Do the loosen-up
Excellent hippie-era groove band the Sons of Champlin reunites for a rare
California tour
By Mindy
Giles
It's a rare
fellow who can say his day job is playing in one of rock music’s
most successful groups--and that his avocation, his “love of the
game” gig, is playing in one of the classic-rock world’s coolest
bands, a rippin’ psychedelic R&B dance group that should have
become commercially huge but never did.
The day job
is with Chicago, and Bill Champlin has been that band’s keyboardist,
who occasionally chips in on guitar and vocals, for 22 years. And the
avocation is a chops-heavy, funky horn band out of 1960s-’70s California
called the Sons of Champlin, which is reuniting this month, sans guitarist
Terry Haggerty, for some California dates.
“It’s
not a purty band, but we play good,” Champlin said of his namesake
band via a transatlantic call from Australia, where Chicago was touring
on a festival bill featuring Robert Cray and Bonnie Raitt.
Champlin,
a handsome soul singer, songwriter, guitarist and Hammond B-3 monster,
was born in Oakland. It’s likely he got some of that East Bay grease
before his family moved uptown, or across the bay to Marin. “I didn’t
grow up next to a Baptist church, but I did grow up next to Village Music
in Mill Valley, where I could get Lou Rawls records,” he bubbled.
“In one week, Rob Moitoza, my bass player, turned me on to James
Brown, Ornette Coleman, Lightnin’ Hopkins--he changed my life!”
The Sons,
a seven-piece funk-jazz-R&B-rock horn ensemble, swirled magnanimously
out of the powerful (and much loopier) San Francisco psychedelic music
scene, beginning in 1965. They were as famous for their recreational drug
intake as they were for the exhortative spirituality in their lyrics and
their driving, cathartic live shows.
“They
were breathing fire,” Grateful Dead drummer Mickey Hart told the
San Francisco Chronicle’s Joel Selvin in a 1997 interview. “They
were a dance-your-brains-out-all-night band.
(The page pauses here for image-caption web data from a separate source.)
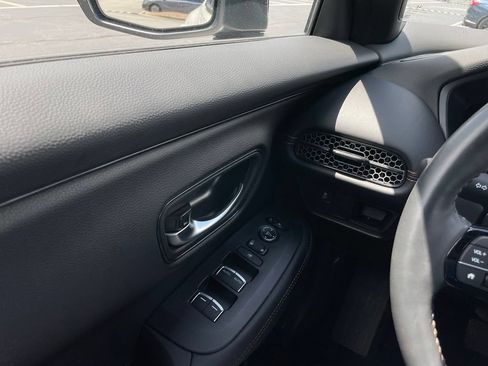 Used 2025 Honda HR-V Sport image 22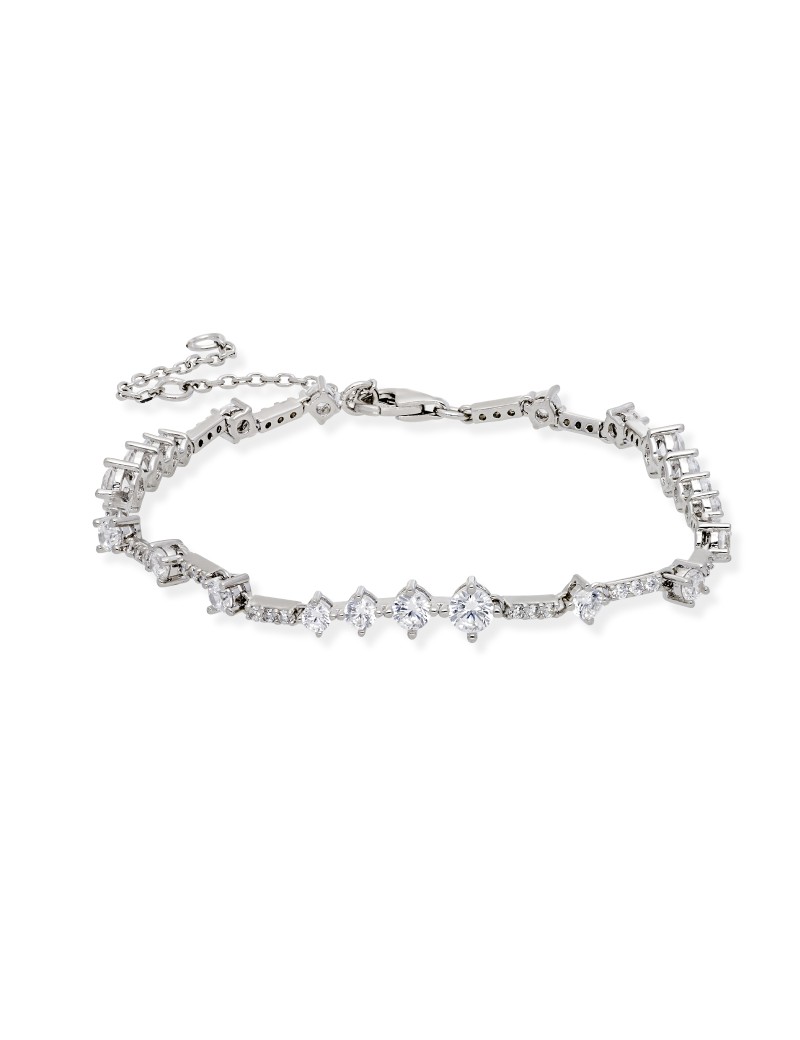 Pulsera de novia modelo Claudia realizada en plata con diseño articulado de circonitas blancas y cierre ajustable.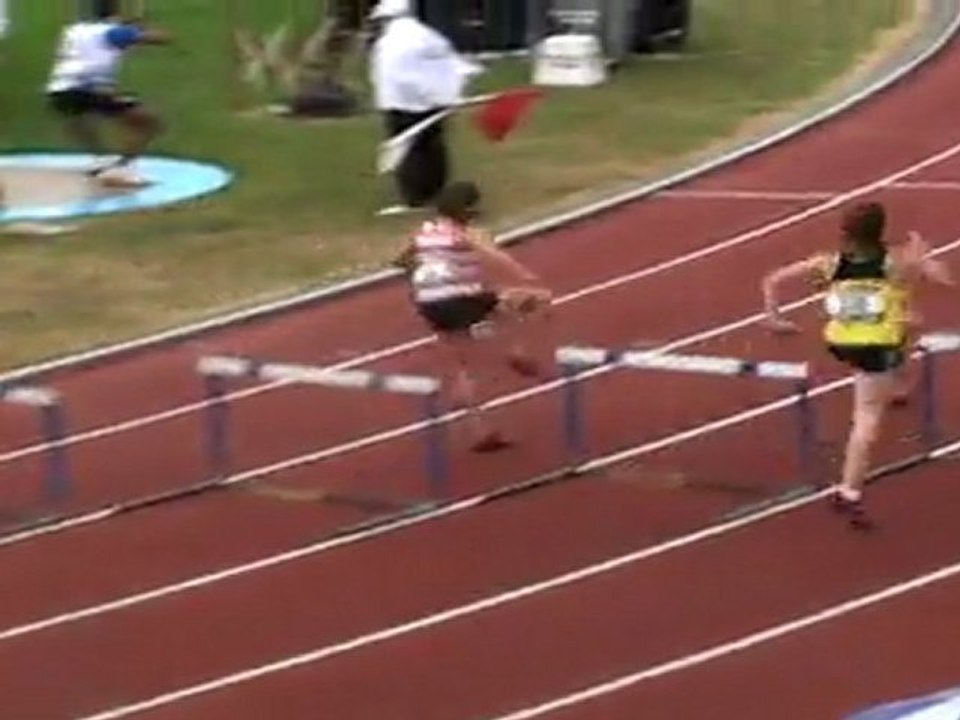 Claire DUCOS - 400m haies 66"18 - Série championnats de France jeunes 2011 à Dreux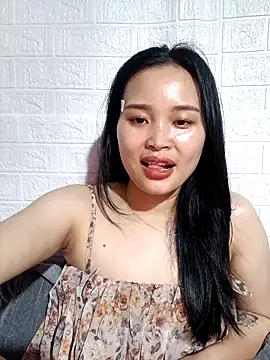 Akile80 online show from April 2026 02:35:01 PM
They played better than anybody
and never made it.”
The Sons’
1968 Capitol debut, Loosen Up Naturally, featured “Get High”
and “Freedom,” both legendary tracks. “Everyone was
trying to get hits on what was the beginning of FM radio, and we were
putting out 14-minute songs,” Champlin recalled. “We had some
good opportunities; we just kind of snubbed them, ’cause we were
young and dumb, mostly. Music, not business.”
The band
was so into locating its collective third eye back then that, at one point
years later, it changed its name to Yogi Phlegm. “There was such
a desire for self-realization,” said Champlin. “Not so much
from the LSD, but from the talk about LSD. When I wrote ‘Rooftop,’
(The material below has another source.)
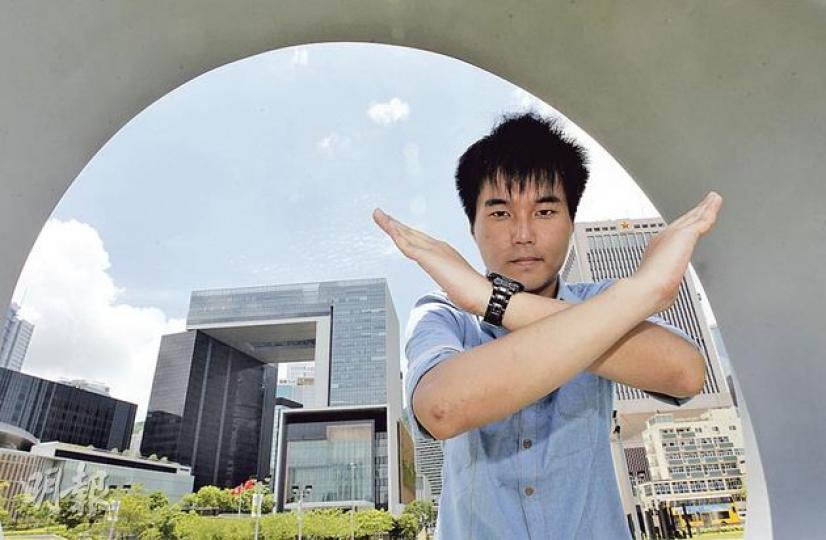 蘇嘉豪坦言澳門人一般比較「鵪鶉」,為了公眾利益爆發的大規模遊行,「反離保」可算史上首例。蘇嘉豪在受訪當日來到香港「門常開」,舉起招牌交叉手勢,寄語澳門人借鏡香港、台灣社會運動的同時,自己要走出一套「澳門模式」延續抗爭。(李紹昌攝) 蘇嘉豪坦言澳門人一般比較「鵪鶉」,為了公眾利益爆發的大規模遊行,「反離保」可算史上首例。蘇嘉豪在受訪當日來到香港「門常開」,舉起招牌交叉手勢,寄語澳門人借鏡香港、台灣社會運動的同時,自己要走出一套「澳門模式」延續抗爭。(李紹昌攝)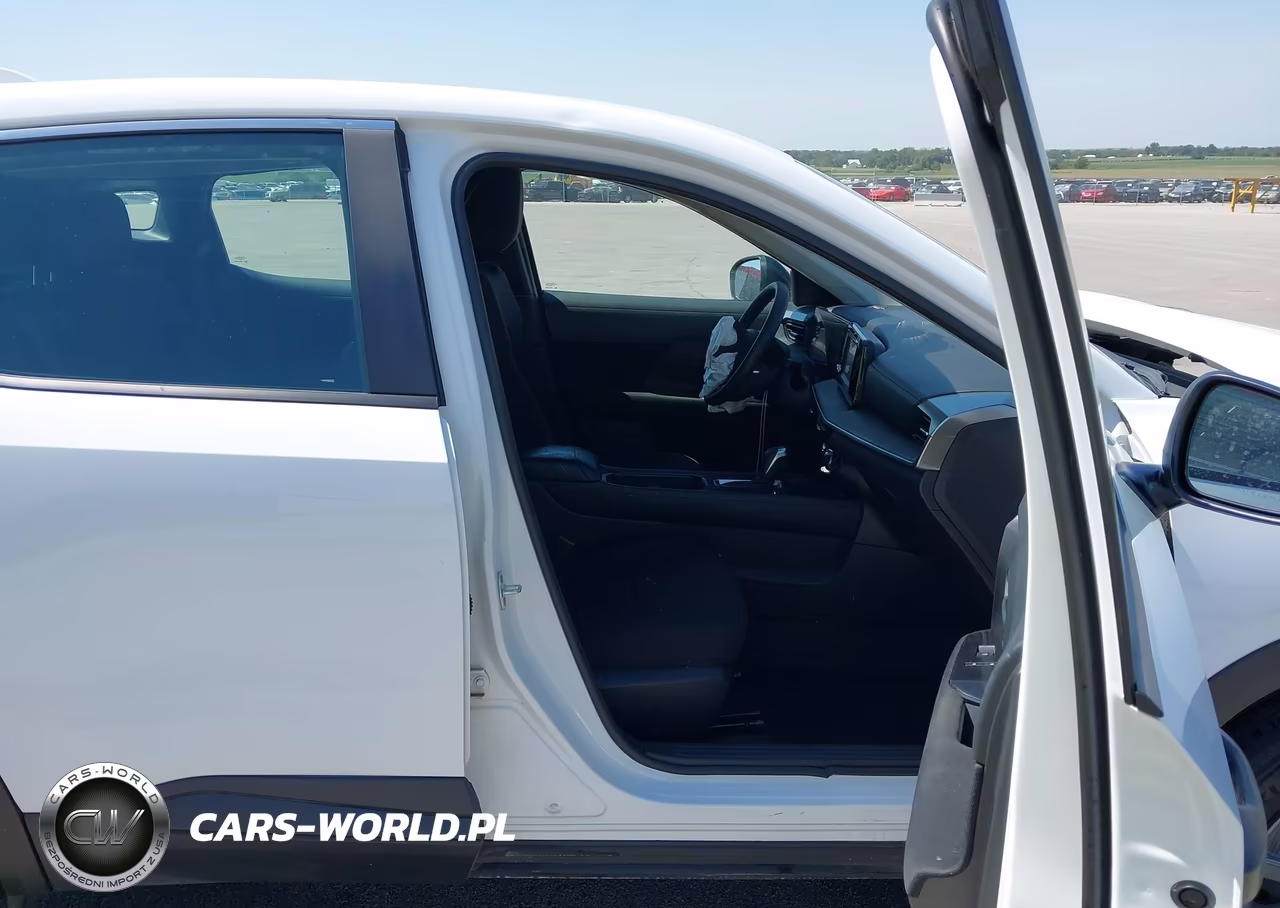 2025 Nissan Kicks S Intelligent Awd VIN:3N8AP6BB8SL317794 - 5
I was flying in the face of the hippie movement. Meditation was not solving
America’s problems then. And in Marin, eventually, it got to be
a drag. It was like, ‘I’m more egoless than you.’”
The Sons
released seven albums, disbanding in 1978 when Champlin moved to Los Angeles.
He soon pulled down two Grammys as best R&B songwriter, for George
Benson’s hit “Turn Your Love Around” and Earth, Wind
& Fire’s “After the Love Is Gone.” Then he was invited
to join Chicago in 1982, and he’s still open about that practical
choice. “I had kids and bills,” he said. In 1997, the Sons
reunited, and Live, on the Grateful Dead’s label, was the result.
Original
members on board for this year’s Sons are bassist Dave Schallock,
drummer Jim Preston and keyboardist and vibraphonist Geoff Palmer. They’re
joined by guitarist Tal Morris, a former student of Haggerty, along with
Tower of Power Horns’ trumpeter and trombonist Mic Gillette and
saxophonist Marc Russo; the latter also played with the Doobie Brothers.
Watch for
Champlin’s “ugly face” in person or on the band’s
new live performance DVD, Secret. “Singing like you don’t
know what you are looking like,” he said, “is the first sign
that something is really about to happen. The face starts going--crunch--and
three bars in, I’m all ugly-faced already.” Champlin laughed.
“It is a thing that takes you away from your self,” he concluded.
“For me, that is what R&B music is all about.”